Зачастую это положение выдвигалось в качестве общего для всех вещных прав. Так
формулировали его, в частности, Обри и Ро, когда они писали: <Вещные права суть
те, которые создают непосредственную и прямую связь между вещью и лицом>[119]. То же самое имел в виду
Голевинский, акцентируя внимание на установлении в силу вещных прав прямых
отношений между управомоченным и вещью[120].
Но таким путем из права собственности элиминировалось какое бы то ни было
социальное содержание, а его фетишизация доводилась до такой степени, что от
закрепляемых им реальных общественных отношений не оставалось и следа.

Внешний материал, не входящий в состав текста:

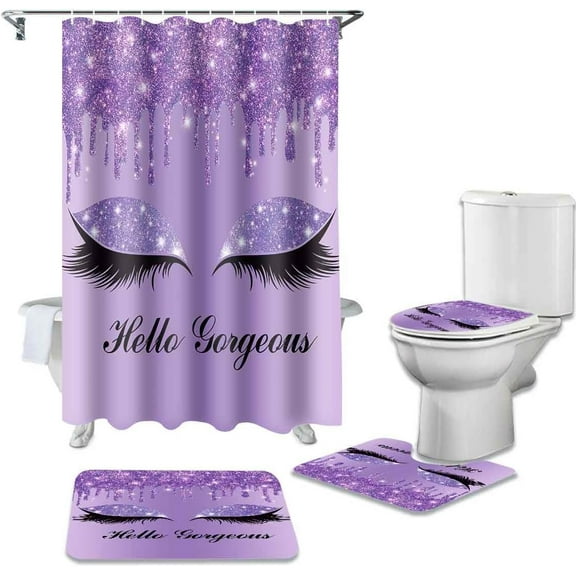 Purple Pretty Eyelash Shower Curtain Set, 4PCS Hello Gorgeous Kids Bathroom Sets with Shower Curtain and Rugs, Toilet Lid Cover, Bath Mat and U Shaped Rug, 12 Hooks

Одновременно, однако, зарождается и постепенно привлекает
все большее число сторонников иной взгляд на право собственности, усматривающий
в нем не отношение лица к вещи, а отношение между самими людьми. Сторонниками
этого взгляда были: Ортолан, Глассон, Демог, Планиоль и др. во Франции;
Виндшейд, Штаммлер и др. в Германии; Шершеневич, Коркунов, Синайский и др. в
России.
Они не отрицали того, что вещные права, включая право
собственности, порождают определенные отношения управомоченного к вещи, как и
того, что степень господства над вещью со стороны собственника превосходит
степень господства, осуществляемого над нею обладателями любых других вещных
прав. Но не в этом, по их мнению, состоит суть права собственности. Как
юридическое явление оно должно выражать прежде всего отношения с другими
лицами, общественную связь управомоченного с обязанными. <Всякое право, -
писал, например, Ортолан, - если проникнуть в глубь вещей, в конце концов
сводится к свободе для активного субъекта требовать чего-нибудь от пассивного
субъекта>[121]. В отличие от других
видов прав, подчеркивал Шершеневич, в праве собственности <число пассивных
субъектов... достигает общего числа всех подчиненных той же политической
власти, как и активный субъект>[122]. Воля
собственника как управомоченного, говорил Виндшейд, <является определяющей для
поведения в отношении вещи, т. е. для поведения всякого, для поведения
любого лица. Однако содержание образующей вещное право волевой власти негативно:
все, противостоящие управомоченному, должны воздерживаться от воздействия на
вещь..., и они не должны своим отношением к вещи препятствовать воздействию
управомоченного на вещь>[123].
С точки зрения степени приближенности к реальной природе
права собственности конструкция отношений между людьми, несомненно, преимуществует
перед конструкцией отношений к вещи. Но тщетно было бы искать в ней выявление
классовой сути этих отношений: дальше противопоставления собственнику как
управомоченному всех и каждого как обязанных она не шла. Практически же именно
эта конструкция подготовила впоследствии законодательно осуществленные,
например, в германском гражданском уложении, ограничения господства
собственника в интересах капиталистических монополий. Они под тем предлогом и
вводились в закон, что если собственнику противостоят все третьи лица, то в
интересах всех этих лиц он должен поступиться хотя бы частью своих
неограниченных правомочий.
Введенные ограничения не повлияли, однако, на характеристику
права собственности как абсолютного права - и по кругу противостоящих собственнику
обязанных лиц, и по объему принадлежащих ему правомочий. Напротив, сама эта
характеристика явилась гносеологическим источником до очевидности
гипертрофированного распространения собственнических (проприетарных) конструкций
на такие отнюдь не собственнические феномены, как например, авторские права,
которые Лабуле и его сторонники объявили правом литературной, музыкальной и
т. п. собственности не столько благодаря отождествлению творческого
результата с вещью, сколько вследствие присущего авторским правомочиям признака
абсолютности. Она же используется для объяснения различных свойственных праву
собственности специфических качеств, включая качество упругости или
эластичности (jus recadentiae), в силу которого собственник автоматически, без
каких-либо специальных юридических актов, восстанавливает в полном объеме свое
господство над вещью, как только последняя освобождается от залогового
обременения или иных <посторонних> прав на нее.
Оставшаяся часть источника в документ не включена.